What's Next? The Doc's Prescription

I was gutted that Everton won at Craven Cottage, and I really didn't think they would. As a die-hard O'Neill fan, I'd have loved the Ulsterman to take us a place further up the table as well as securing us two points more than last season.

But, I guess, progress is progress. A second top six finish in two seasons is not to be sniffed at and when O'Neill came in, I reckon very few of us would not have snapped his hand off if he'd offered us near parity with Everton two years running.


But the curve is flattening, and we need a definitive plan now to see Everton off and make ourselves the pole position challengers to the Big 4. That will be difficult. It will need investment, intelligence but above all strategy. What do I mean by that?

In the past three seasons, O'Neill has set his stall out to recruit young British players, primarily from Stuart Pearce's England U21 squad and the fringes of the full England side. On the whole, these players - who granted cost a bit more than foreign recruits captured through clever global scouting - have done well.

Few would question the investments in Curtis Davies, Ashley Young and James Milner - who hopefully will grow into full England internationals within twelve months. At least that would seem the thinking of one Fabio Capello.

You would also be hard pushed to question the manager's retention of Gabby Agbonlahor and Craig Gardner: neither are anything like the finished article, but both should have immensely bright futures at Villa Park if they have the right levels of experience alongside them.

And therein lies O'Neill's issue. He's got to keep our best young talent, but the spine of the team is creaking. Friedel's only got a season left (if that); Laursen's retired injured; Barry may well be off to Anfield or the Emirates and Heskey and Carew are, well, no spring chickens.

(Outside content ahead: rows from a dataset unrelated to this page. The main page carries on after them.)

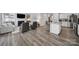 Open concept living room and kitchen area, fireplace, and modern furnishings at 5101 Helmsworth Dr, Waxhaw, NC 28173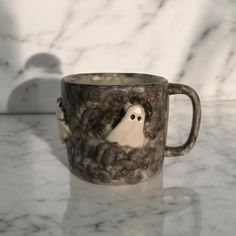 a coffee cup with an image of a ghost in the middle of it on a marble countertop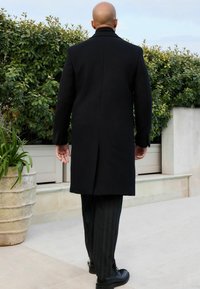 Abrigo de lana negro con cuello estructurado, mangas largas y corte recto, combinado con pantalones de raya diplomática grises y zapatos negros.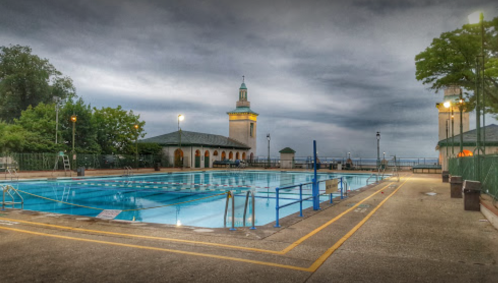 A serene outdoor swimming pool surrounded by trees and buildings, under a cloudy sky at dusk.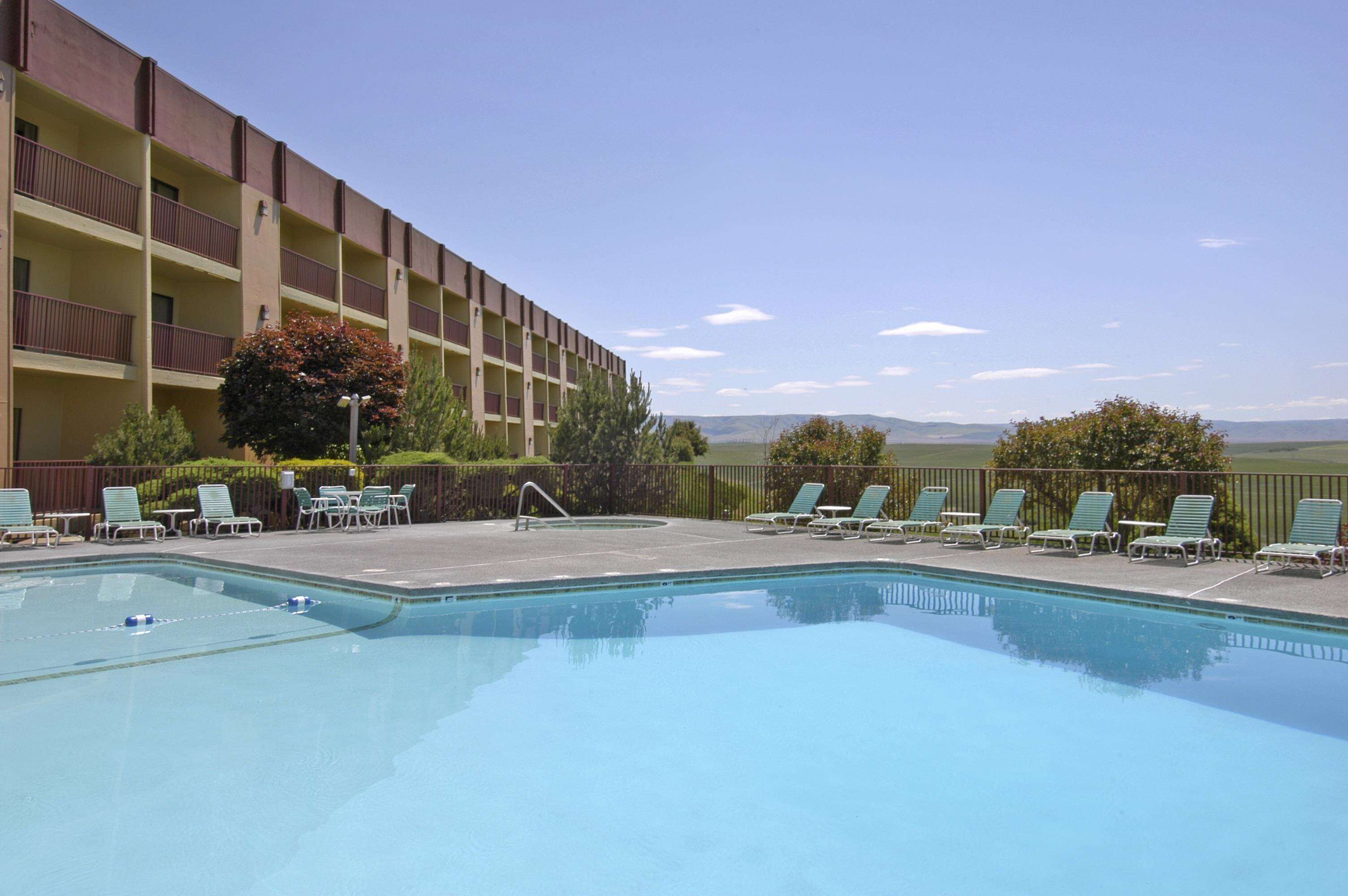 Una piscina con sillas de descanso, un edificio con balcones y vistas a montañas distantes.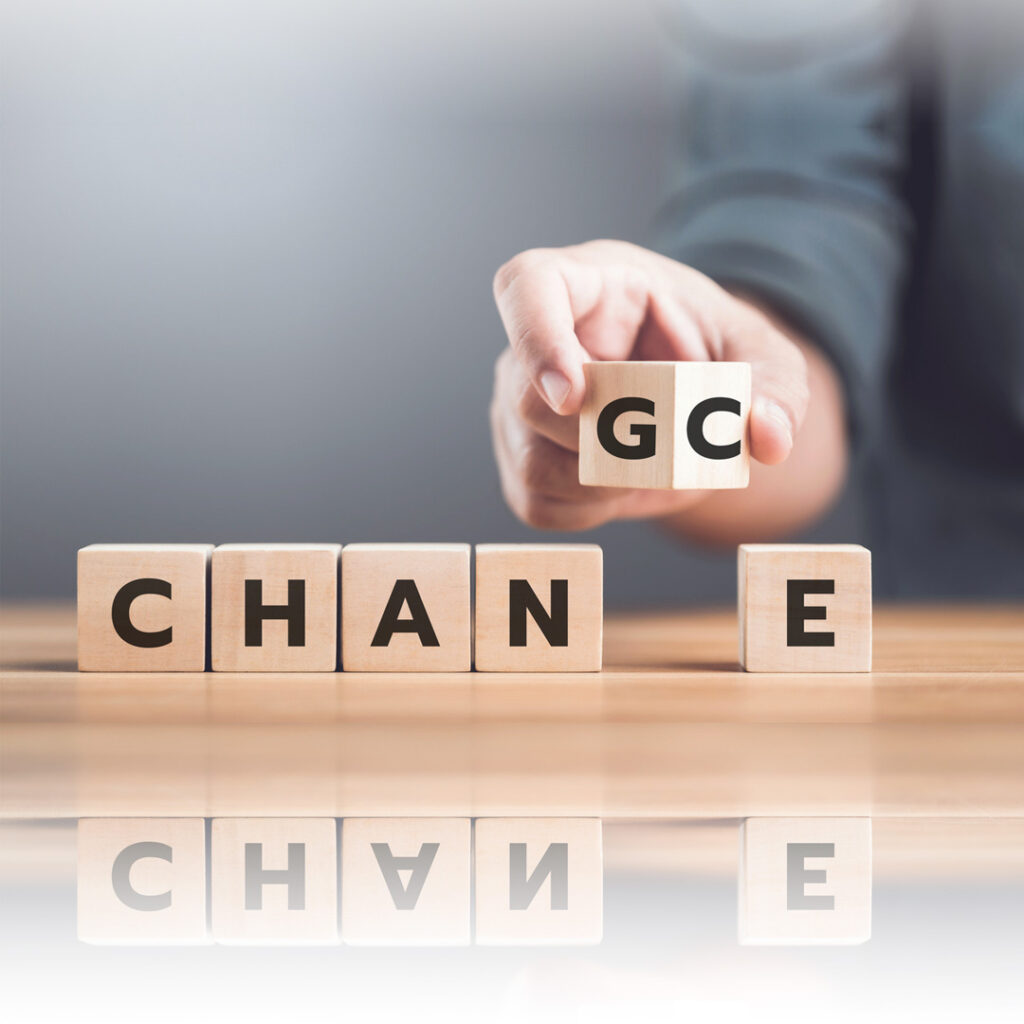 A man selects between the words 'CHANGE' and 'CHANCE' on wooden blocks, symbolizing the decision-making process and embracing opportunities for growth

But there are massive positives: Curtis Davies has looked imperious at times, and only lost his sheen when Laursen got injured. Stan Petrov has been a revelation, and to me deserves the captain's armband next season. Put some decent players around them, and buy a goalscorer - and Villa are not far off.

So this is my view...before the crazy rumour mill even starts.

I'd like O'Neill to buy Steven Taylor from Newcastle. I think he's a top central defender, would fit in well in the dressing room with his ex- England U21 colleagues, would be excellent alongside Curtis and - as an aside - is one of the only Newcastle players who seems to have been "up for it" in the run in.

I wouldn't buy any full backs: Shorey and Young are top notch when they're given a run in the side.

In midfield, I think O'Neill has made mistakes. I think Nigel Reo-Coker and Steve Sidwell were excellent signings, but haven't been given sufficient time on the field and have also been mostly played out of position. Given their legs, I think they'd form a great three man centre midfield around Stan. You lot will all disagree - that's fine.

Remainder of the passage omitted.